That means that the national debt will reach £1.4 trillion. Is the Minister aware that if we repaid debt at the rate of £1 every second, we could repay £1 million in 12 days, but that it would take 44,000 years to repay the total debt to which he has alluded? Does that not strengthen the case for starting early?
As has been made very clear, we want to take action to curb the deficit and reduce debt. We have set out plans to halve the deficit over four years. The right hon. Gentleman should be aware that our figures for net debt compare pretty much with those of France and Germany and with the G7 average this year, not according to the Government’s figures, but according to the International Monetary Fund’s figures. I am sure he will welcome that.
Alcohol (Minimum Price)
There are a number of different approaches available if proposals for a minimum price for alcohol were implemented. The revenue impacts, which could be positive or negative, would depend on the level of any minimum price and the way in which minimum pricing was implemented.
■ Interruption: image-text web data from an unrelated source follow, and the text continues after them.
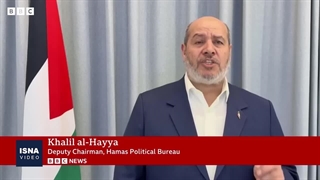 بازگشت به ویرانه‌ها پس از دو سال جنگ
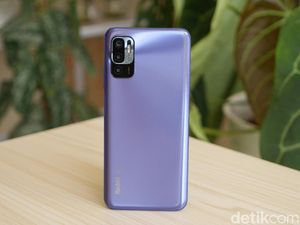 Perbandingan Redmi Note 10 5G dan Oppo A74 5G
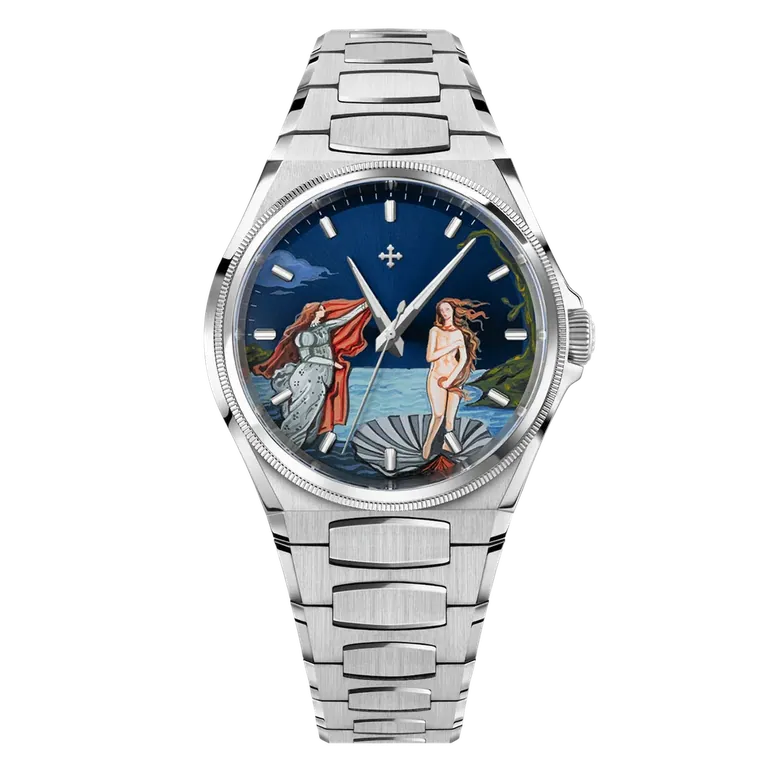 Arsenale Venus - Limited Edition by IFL Watches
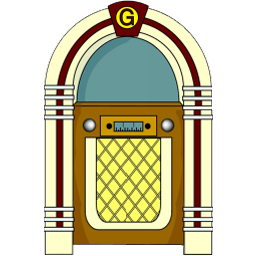 Gammadyne DJ Jukebox 35.0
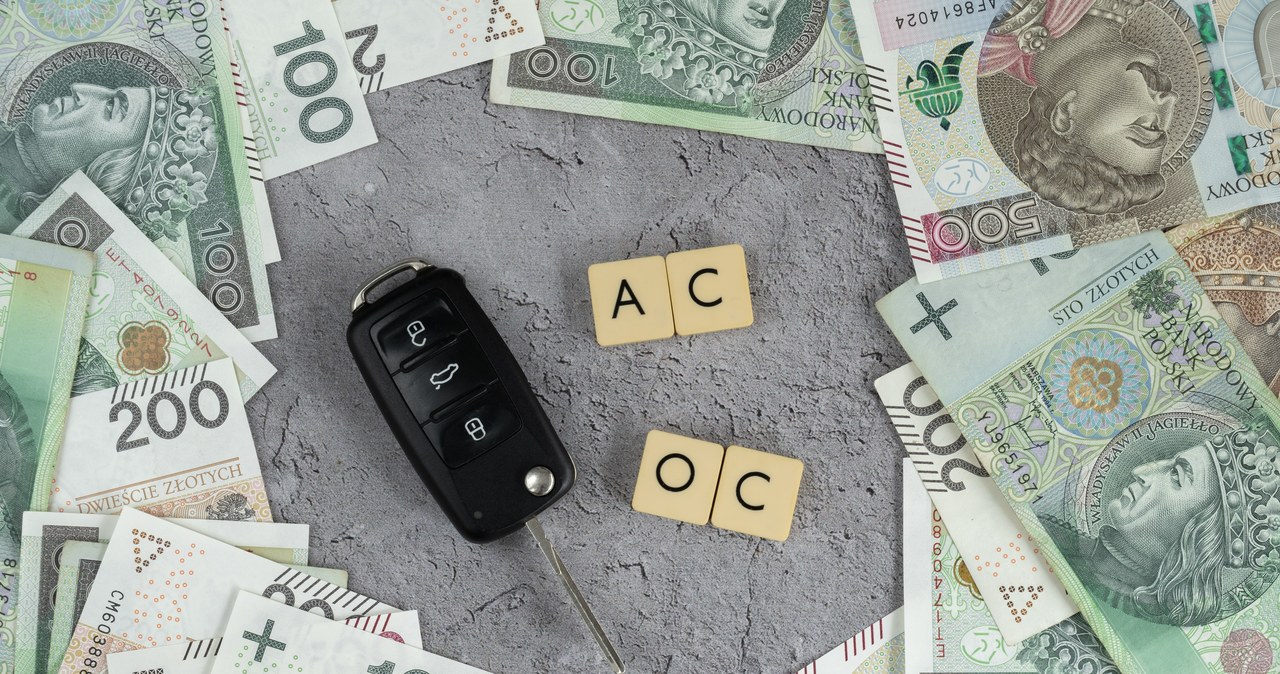 ​Raport RMF FM i Rankomat.pl: Na rynku OC bez zmian – wojna trwa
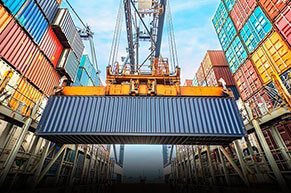 atozbangladeshcourier Container Shipping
We would have to take such a consideration into account if we were introducing minimum pricing. Duty alone could not deliver minimum pricing for alcohol products, but when we consider changes to duty rates, we have to consider impacts on the industry, as well as on Exchequer revenues.
I thank my hon. Friend for his question. I refer him to the answer that I gave to the original question. We cannot use alcohol duty alone as a mechanism to deliver minimum pricing for alcohol products; there are a number of practical and legislative constraints. We are, of course, always willing to consider the matter further and to consult other colleagues about it.
Like the hon. Member for Bolton, South-East (Dr. Iddon), the Health Secretary appears enthusiastic about minimum pricing, but it would hit responsible drinkers hard, without any benefit to the public finances. I know that much of the Government’s economic policy is back to the 1970s, but setting the price of goods is surely a step too far. Instead of trying to fix prices, should they not try and fix the problem and raise taxes on problem drinks, rather than on responsible drinkers?
I must remind the hon. Gentleman that there is an EU rates and structure directive that means that beers and spirits must be taxed in proportion to alcohol content, and wines and cider must be taxed in bands of alcohol strength, which constrains what we can do on specific drinks. Also, alcohol duty is paid by producers. That applies equally, regardless whether products are sold in pubs or supermarkets. Many of the problems cited by hon. Members are not about responsible drinkers in pubs, but about the prices charged in supermarkets. As I said, alcohol duty alone cannot deliver a solution.
Early Intervention Policies
The Government fully recognise the benefits of early intervention and the value for money that it brings. That is why I announced in the Command Paper that I laid before the House before Christmas a new programme of work designed to test innovative forms of finance aimed at boosting investment in early intervention.
We all seem to be agreed that we need to reduce the deficit by half over four years, but there are two ways to do that—either by reducing public expenditure, or by reducing the need for that public expenditure by intervening early in the problems that much public expenditure is spent on, so that that expenditure is not necessary. Will my right hon. Friend and the Treasury exercise due diligence in looking at the financial instruments that are being developed on the capital markets, which could raise money in the first instance to make sure that early intervention programmes can be sustained?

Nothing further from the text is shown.